Abstract
Introduction: In mild asthma, as-needed budesonide-formoterol is superior or noninferior to maintenance budesonide plus as-needed short-acting beta(2)-agonist in reducing severe exacerbations. In this pre-specified analysis, we investigated patterns of inhaled corticosteroid (ICS) and beta(2)-agonist use in PRACTICAL, a randomised controlled trial.

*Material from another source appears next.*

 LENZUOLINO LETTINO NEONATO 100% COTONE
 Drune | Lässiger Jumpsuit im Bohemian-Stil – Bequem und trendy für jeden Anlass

Methods: Participants were randomised 1:1 to as-needed budesonide-formoterol (200/6 mu g Turbuhaler, one actuation) or maintenance budesonide (200 mu g Turbuhaler, one actuation twice a day) with as-needed terbutaline (250 mu g, two actuations) for 52 weeks. 110 participants had electronic monitors attached to their study inhalers which captured the time and date of every actuation. Key outcome measures were patterns of ICS and beta(2)-agonist use. One actuation of budesonide-formoterol was considered to be an equivalent bronchodilator dose as two actuations of terbutaline.
Results: Participants randomised to as-needed budesonide-formoterol had more days with no ICS use compared with maintenance budesonide (median total days of no use 156 versus 22 days, respectively), lower median daily budesonide dose (164 versus 328 mu g, respectively) and a greater median number of days of.4 budesonide actuations (4 versus 1 days, respectively). Participants randomised to as-needed budesonide-formoterol took higher equivalent doses of beta(2)-agonist both overall (median number of actuations 0.8 versus 0.3 per day, respectively) and in response to worsening asthma (total number of "overuse days" of >8 or >16 actuations of budesonide-formoterol or terbutaline 33 versus 10 days, respectively).
Conclusions: The timing of ICS dose when self-titrated to beta(2)-agonist use is more important than total ICS dose in reducing severe exacerbation risk in mild asthma, when associated with greater overall use of as-needed beta(2)-agonist.